[jgershen]

Actually, the probability that all decks ever shuffled are unique is also very high. We can approximate the probability that any two of the n decks shuffled in human history were identical as p=1-n^2/52!

Using the same estimate as the OP for n (1.56x10^23) gives p=3.02x10^-22. Still fantastically low.

[gregable]

Nice, I came to the comments to see if someone knew how to calculate this.

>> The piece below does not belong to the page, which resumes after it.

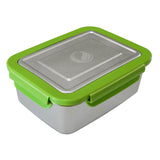 ECOtanka-lunchBOX-2000ml-Edelstahl-Brotdose-silber-mit-Verschlussrahmen-Grün-und-Dichtung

Related question. If there are exactly 2N people who vote in a binary election (ie: for presidential candidates) and they have an even 50/50% chance of voting either way, how do I compute the odds that they will have a even split? This is a generous estimate for the probability my vote will matter.

[wnoise]

The exact answer is (2n choose n) * (1/2)^(2n). This is approximately sqrt(1/Pi n) as n grows large, with error O(n^(-3/2))

[flourpower]

That's the same as the probability that 2N flips of a fair coin result in exactly heads: (2N choose N)(.5^N)(.5^N).

Check out: http://en.wikipedia.org/wiki/Binomial_distribution

[JadeNB]

> We can approximate the probability that any two of the n decks shuffled in human history were identical as p=1-n^2/52!

I think that this is way too low. Shouldn't it be the quite large number

1 - \prod_{i = 1}^n (1 - (i - 1)/52!)

(a la the birthday paradox)?

[JadeNB]

Sorry, I was thinking of the complementary probability (that there has been a coincidence).

Mathematica overflowed when I tried to compute this by brute force. The next best thing I can think of is to use the exponential approximation

    1 - x ≈ e^{-x},

good for very small `x`, such as ours. Ignoring the cascading errors gives

    \prod_{i = 1}^n (1 - (i - 1)/52!)
    ≈ \prod_{i = 1}^n e^{-(i - 1)/52!}
    = e^{-n(n - 1)/52!}
    ≈ 1 - n(n - 1)/52!.

The error should be roughly of the size

    \frac1 2\sum_{i = 1}^n [(i - 1)/52!]^2
    ≈ n^3/(2(52!)^2),

which is relatively small. (That's stronger, here, than just saying that it is small.) That is to say: I guess I agree with jgershen after all!

[sliverstorm]

Alright, fine, it is comparatively lower. Better? :)